The first timing in the code is
Code: Select all
waitForJ:
sbic USBIN, USBMINUS
rjmp waitForK
; in rXX, USBIN ; 1
sbic USBIN, USBMINUS ; 1
rjmp waitForK ; 2
...
waitForK:
push YH ; 2
nop ; 1
nop ; 1
sbic USBIN, USBMINUS
rjmp .
There are two timing cases.
The first is when J occurs just before the SBIC, then an RJMP to waitForK. For that one, there are only 7 clocks before the next read, so it comes one clock early. In that case, the SBIC will still find the J state (high), and thus execute the rjmp, takng 3 clocks.
The second timing case is when J occurs during the second clock of the SBIC before it. I've put a comment-out IN instruction to show this. In that case, it's as if that IN instruction saw J occur, so there are 8 clocks before the next read at the SBIC. In that case, the SBIC finds the K state (low) and skips the rjmp, taking only 2 clocks.
So this SBIC seems correctly situated, able to detect the two timing cases for the waitForJ unrolled loop.
Next is the timing from the SBIC to the next SBIC that checks in the middle of the second bit:
Code: Select all
sbic USBIN, USBMINUS ;1 [-3]
rjmp . ;1 [-2]
nop ;1 [-1]
nop ;1 [0]
nop ;1 [1]
nop ;1 [2]
nop ;1 [3]
lds YL, usbInputBufOffset;2 [5]
clr YH ;1 [6]
subi YL, lo8(-(usbRxBuf));1 [7]
sbci YH, hi8(-(usbRxBuf));1 [8]
sbic USBIN, USBMINUS ;1 [9] we want two bits K
The sbic effectively reads during the first clock of the first K bit. When it reads during the last clock of the previous bit (J), an extra clock of delay is inserted just after.
There are 12 clocks for SBIS through the SBCI. This puts the next SBIC 1.5 bits after the beginning of the first K bit, which is what is desired.
In the case where there wasn't a double K bit,
Code: Select all
sbic USBIN, USBMINUS ;1 [9] we want two bits K
rjmp rewaitForK ;2 [10]
...
rewaitForK:
nop
sbic USBIN, USBMINUS ;1 [-3]
we have 4 clocks for SBIC through NOP, putting the next SBIC right at the beginning of a bit, as desired.
Finally, the case where we do find a double K.
Code: Select all
sbic USBIN, USBMINUS ;1 [9] we want two bits K
rjmp rewaitForK ;2 [10]
push shift ;2 [12]
push x1 ;2 [14]
push x2 ;2 [16]
in x1, USBIN ;1 [17] <-- sample bit 0
There are 8 clocks for SBIC through PUSH x2, putting the IN right in the middle of the next bit.
So all the timing seems to check out.

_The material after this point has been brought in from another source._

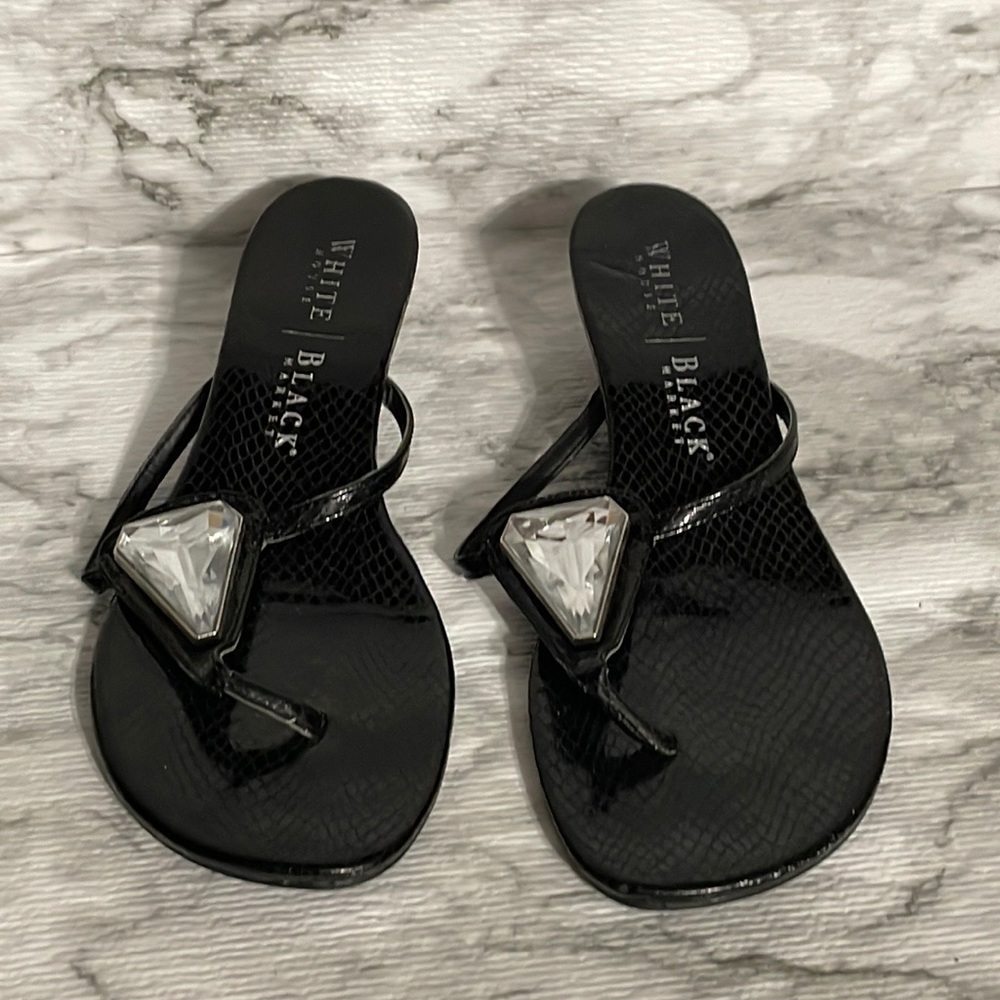 White House  black Market. Thong wedge sandals.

I've tried adding/removing a NOP from just before rewaitForK, in case I had the timing off by one. Again, this is only when using OSCCAL values just outside the three that work.

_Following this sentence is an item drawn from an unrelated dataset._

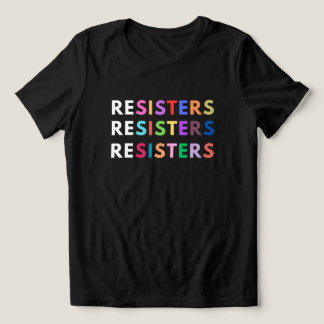 En Tri-matière T-shirt arc-en-ciel anti-autoritaire RESISTERS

I wonder whether it's the send timing that's the problem. The original OSCCAL for 16MHz was 0xA2, and 0x47 was the optimal 12MHz value. Assuming roughly linear steps, that's about 0.044MHz/step (the way OSCCAL overlaps around 0x80 means that the step is larger than this). Two steps break it, which is about 0.9% variation.